I carried that question with me as I entered the next room. Grey and bleak with two beautiful paintings by Mohamed Al- Hawajri, with Mike Hoolboom’s film Lacan Palestine playing in the background. I was introduced to maps demonstrating foreign control in the Middle East. Clips of British politicians urging for the creation of a strong Jewish state. I absorbed the propaganda of the past: Jews would better benefit the West than the Arabs. As I sat in the red bean bag chair close to the screen I divulged into the historic tensions of the land. Images of battle and war intermixed with scenes of everyday life: love, laughter, children. Children with toy guns, playfully aiming and shooting with perfect technique. Children that are surrounded by violence, despair and destruction.
On the stairway down to the lower gallery, the wall is draped with keenardphillips work, Palestine (2008). Towards the bottom of the stairs the Palestinian flag pops out of the large monochrome canvas. The tri-color flag that is symbolic of the Arab Revolt. A flag that was banned from the Gaza Strip by the state of Israel in 1967 following the Six Day War. In 1980 a law was created that banned the use of the four colors of the flag: red, white, black, and green from artwork. Any Palestinian displaying artwork that contained this combination of colors would subsequently be arrested. But I didn’t know this background information when viewing kennardphillip’s artwork. And yet feelings of pride and resilience were evoked from the image of the flag swaying.

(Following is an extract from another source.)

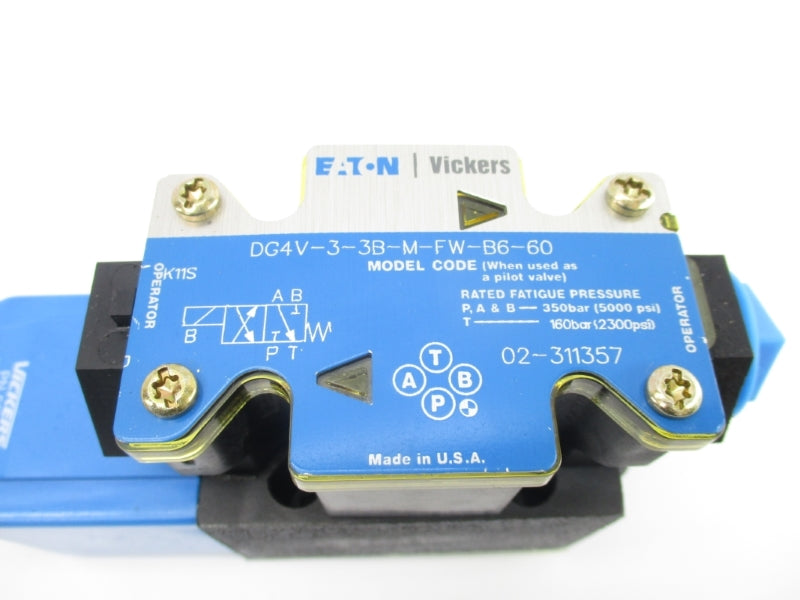 VICKERS DG4V33BMFWB660 02-311357 110/120V 5000PSI NSNP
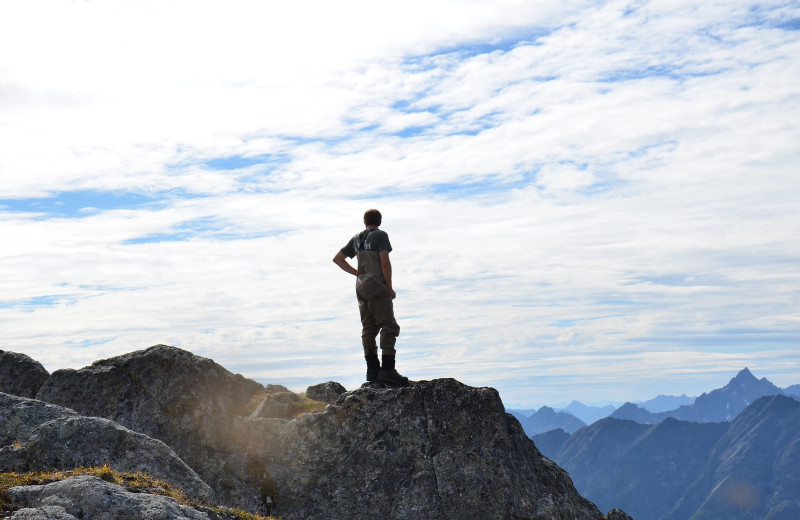Mountain climbing at Deep Creek Fishing Club.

There was an intriguing quote in another video titled Roof by Kamal Alijafari. I have searched the internet endlessly for the exact phrase and have failed to produce it, however it is just as poignant paraphrased. It was the idea that we never really leave home, we continuously drag it with us. I thought back to the woman who first introduced me to Palestine: her homeland, her love - and I thought about the pain in her eyes, the life drained from her face when she talked of being forced to leave. All she has are her memories, her nostalgia for her childhood in a land that was wrongfully taken away.

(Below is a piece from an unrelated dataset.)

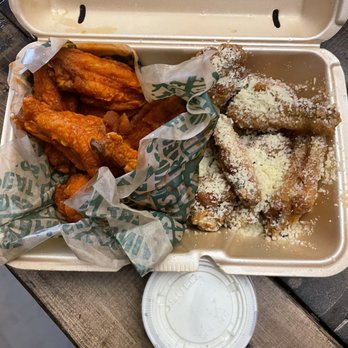 Wingstop - 15 wings, hot and garlic parm - Chicken Wings Near Me - Tampa, Florida Wingstop - 15 wings, hot and garlic parm - Chicken Wings Near Me - Tampa, Florida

Through research I later made the connection that she was a refugee from the 1948 Arab-Israeli conflict. The same year as the Dein Yassin Massacre that took place on April 9th, after the Untied Nations had proposed the division of Palestine into two separate states: Arab and Jewish with Jeruselum belonging to neither. A decision made by an organization foreign to the land. A decision made without the consent or regard for the people who lived there. Approximately 200 men, women, and children died. But this is just one of many violent attacks inflicted on Palestine. The narrative of their explosive relationship with Israel is one that is continuing to be written.
The people of Palestine remain occupied today. The themes of occupancy and oppression are apparent throughout the gallery. Khaled Jarrar’s Concrete performance produced the carved out volleyball present on the gallery floor. Images of him chipping away at the concrete wall dividing his community capture the frustration and helplessness of the situation. How can these barriers be removed? How can these boundaries be peacefully taken down?
The future of Palestine is unknown but its past and present is eloquently displayed in P21’s Gallery. I left not only feeling more informed and educated than when I walked in, but I felt a connection to the land, to the people, and to the struggles they continue to fight and endure.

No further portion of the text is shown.